▶ Problem to work on:
Would you retype the whole listing verbatim, keeping pictures out of it?

▶ Exercise material:
»»

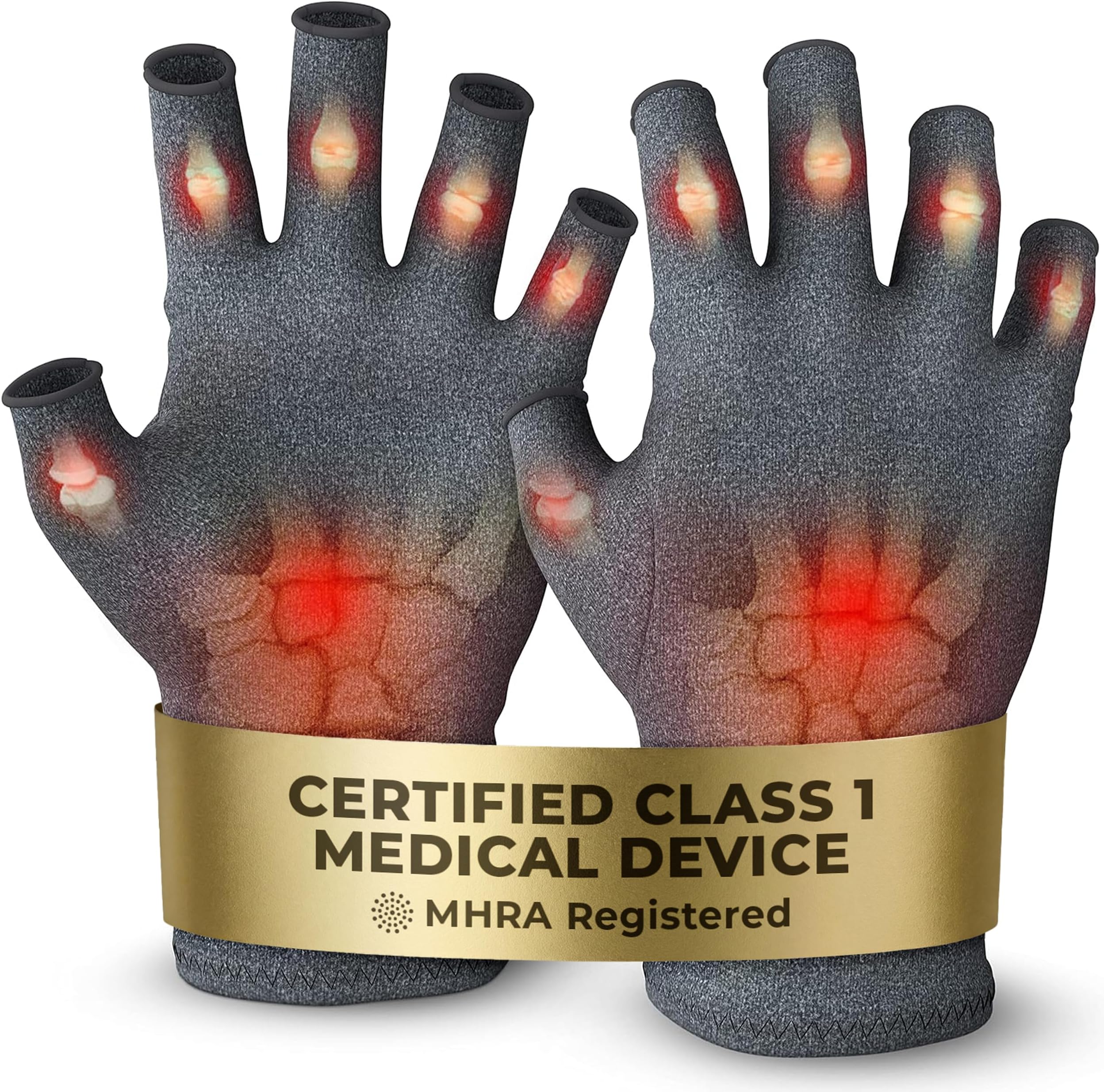 iMedic Arthritis Gloves for Men & Women - Class 1 Medical Device - MHRA Registered – Large Fingerless Compression Gloves for Everyday Use – Relieve Arthritis Pain & Improve Mobility - Grey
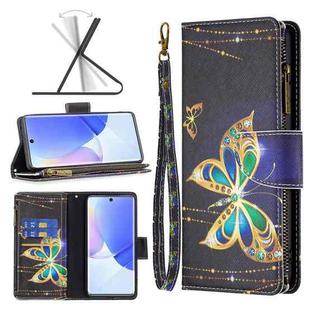 For Honor 50 / Huawei nova 9 Colored Drawing Pattern Zipper Leather Phone Case(Big Butterfly)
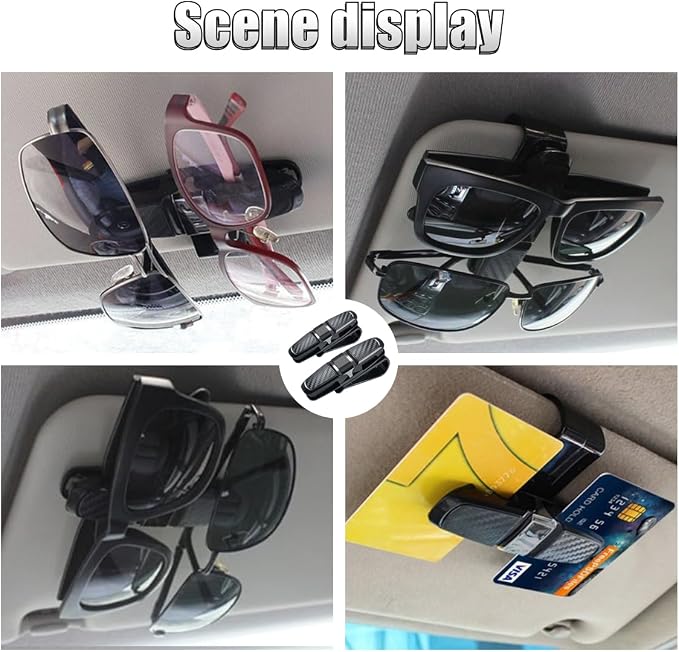 2PCS Glasses Holders for Car Sun Visor, Glasses Clip Organizer, Sunglasses Eyeglasses Mount with Ticket Card, Car Sun Visor Double-Ends Clip, 180 Degree Rotational Car Glasses Holder - Image 6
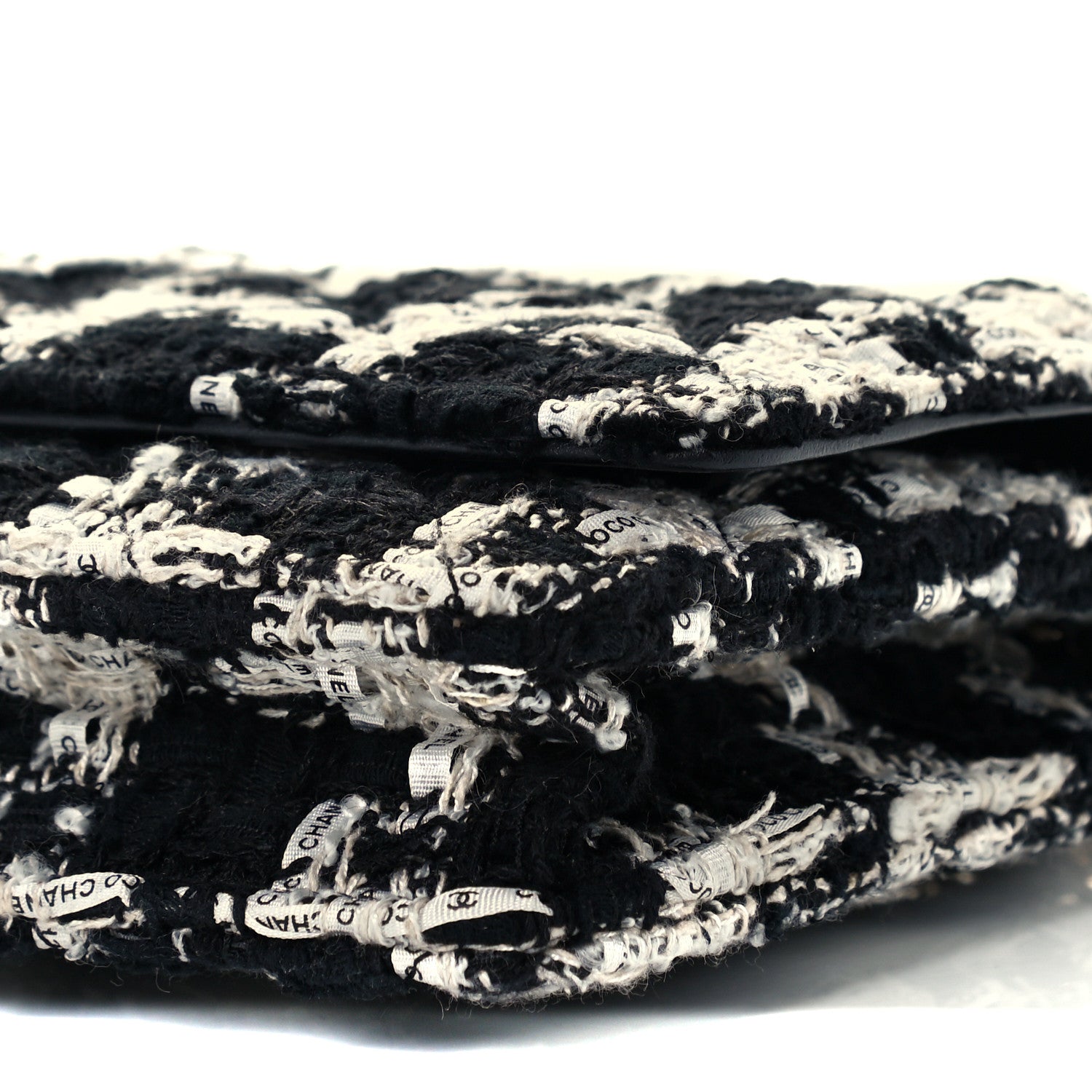 Chanel Tweed Quilted Wallet On Chain WOC Black Ecru White 10 of 11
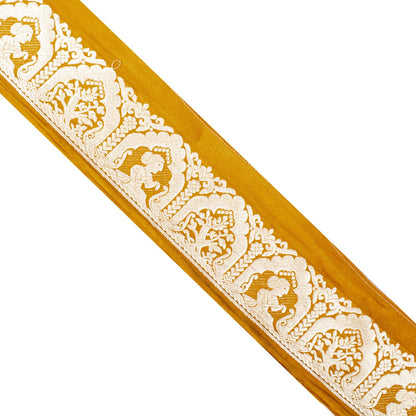 Sanskriti Vintage 1 YD 3.1"W Sari Border Saffron Pure Silk Woven Trim Craft Lace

««

▶ Your response:
 iMedic Arthritis Gloves for Men & Women - Class 1 Medical Device - MHRA Registered – Large Fingerless Compression Gloves for Everyday Use – Relieve Arthritis Pain & Improve Mobility - Grey
 For Honor 50 / Huawei nova 9 Colored Drawing Pattern Zipper Leather Phone Case(Big Butterfly)
 2PCS Glasses Holders for Car Sun Visor, Glasses Clip Organizer, Sunglasses Eyeglasses Mount with Ticket Card, Car Sun Visor Double-Ends Clip, 180 Degree Rotational Car Glasses Holder - Image 6
 Chanel Tweed Quilted Wallet On Chain WOC Black Ecru White 10 of 11
 Sanskriti Vintage 1 YD 3.1"W Sari Border Saffron Pure Silk Woven Trim Craft Lace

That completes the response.